At their heart crawlers are super simple software. You give them a starting URL and they download its HTML and extract the links. More advanced crawlers may also implement JavaScript engines which will run any onload JavaScript and scan for elements which act as links.

Why we chose to build a web crawler - Page 1 After all the links on a page have been collected they’re added to a queue of pages to be crawled. Then the next page waiting on the queue is crawled, the HTML is downloaded for it and those links are added to the queue.

Why we chose to build a web crawler - page 2 And on-and-on it goes until the full site has been downloaded. For the most basic class of crawler we want to keep a list of the pages we’ve already seen so that we don’t add them to the queue again. For special classes of crawlers (e.g. Googlebot) the crawling will be continuous, so pages can go back onto the crawl queue under certain conditions.

So a simple crawler is something a second year computer science student should be able to bash out in an afternoon. What makes ours so special that I’m writing a blog post about it? There are a couple of pretty impressive things about our crawler…

Its speed and capacity to handle huge amounts of data.
The kinds of data it can capture.

Data Volume and Speed

Crawls of large websites generate huge data volumes and take a long time.

Consider a site with 200,000 pages with each page containing an average of 100 links. That’s 20 million links. If each link’s anchor text has an average length of 40 characters we’re looking at over a gigabyte of storage. And that’s just anchor text! If we want to capture data about where a link occurs on a page, which modules it belongs to and so on and so forth the storage requirements increase extremely quickly.

And then there’s time. We all want to be instantly gratified and begin writing reports on our data straight away, but the reality is it’s just not possible when your site gets to a certain size. A 12 million page site being crawled at a rate of 10 pages per second will take almost two weeks to complete.

With both these issues in mind we defined our own data format specialised for the kind of data we were gathering during crawls. This provides both a high level of compression and high write concurrency.

Using this we’re able to achieve a crawl rate of over 200 pages per second and maintain a relatively low storage footprint. This means we can crawl a 12 million page site in under 17 hours. It’s not quite instant gratification, but it’s quicker than two weeks!

Link-Level Analysis

There’s another benefit of choosing to build a web crawler of our own: we capture data at the link level and are able to report on that and drill into it really closely.

What do I mean by “link-level data”? I mean we can collect categorical data about individual links based on the elements around them on the page. Is the link element discoverable with a particular CSS selector? Is its parent element? Does one of its ancestors contain a title tag which matches a given regular expression? This is the kind of link-level data we collect.

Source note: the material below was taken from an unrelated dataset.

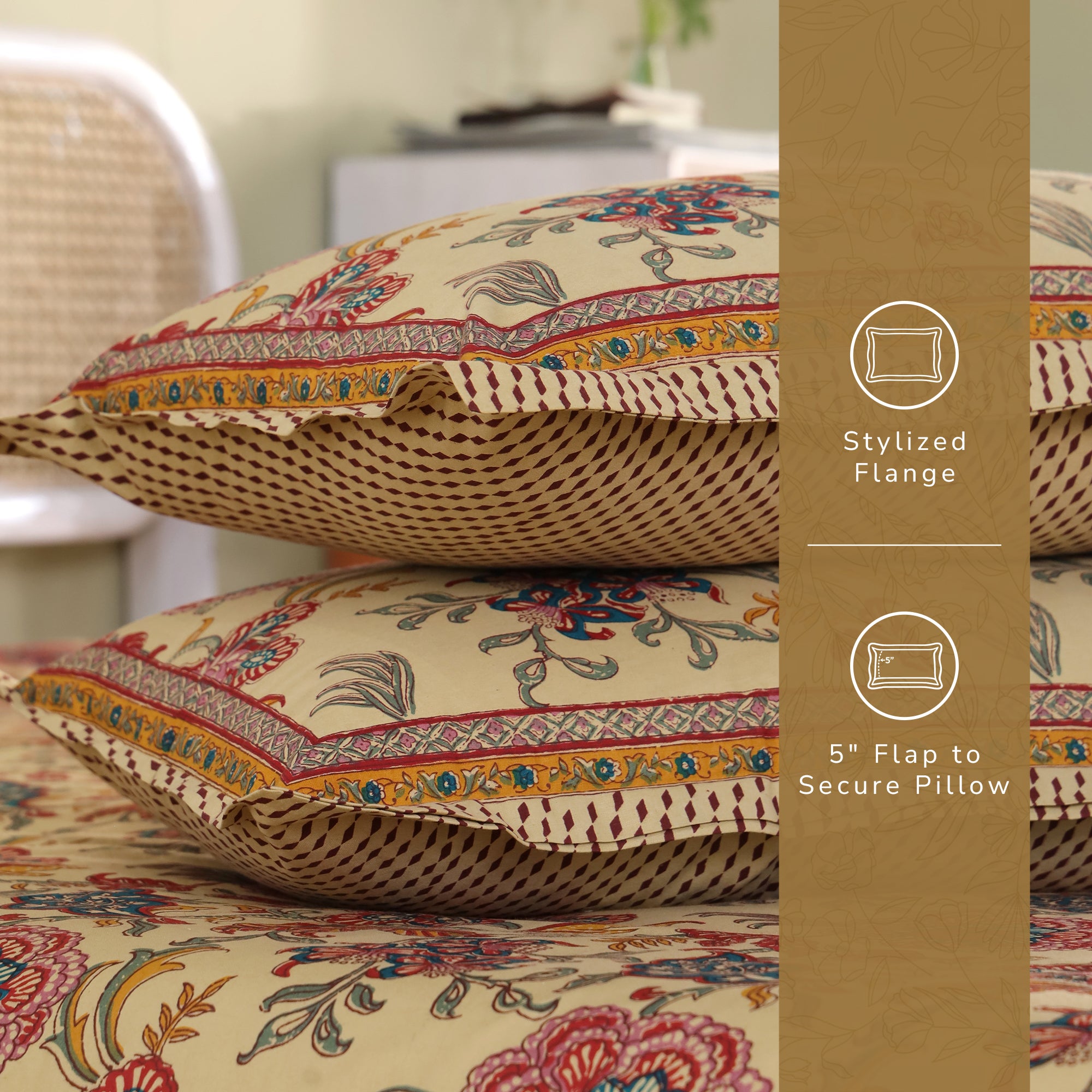 Jaipur Bagh King Bedsheet with 2 Pillow Covers 100% Cotton 120 TC Chartook Brown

This means we can answer questions as granular as “how many links in module X point pages for inventory in Australia? Which pages do these links occur on?”. This provides huge power when auditing to discover link wastage.

I gave an example of this in my webinar on data-driven internal link optimisation when I explained how we could use the data we gathered to show which link modules linked between which page types:

Why we chose to build a web crawler - links between page types This is hugely powerful when doing internal link auditing as it allows us to isolate classes of links that may be problems on particular page types. We can even go so far as to report on how much PageRank is flowing between page types and which link modules are responsible for this. This means we can identify huge amounts of wasted links.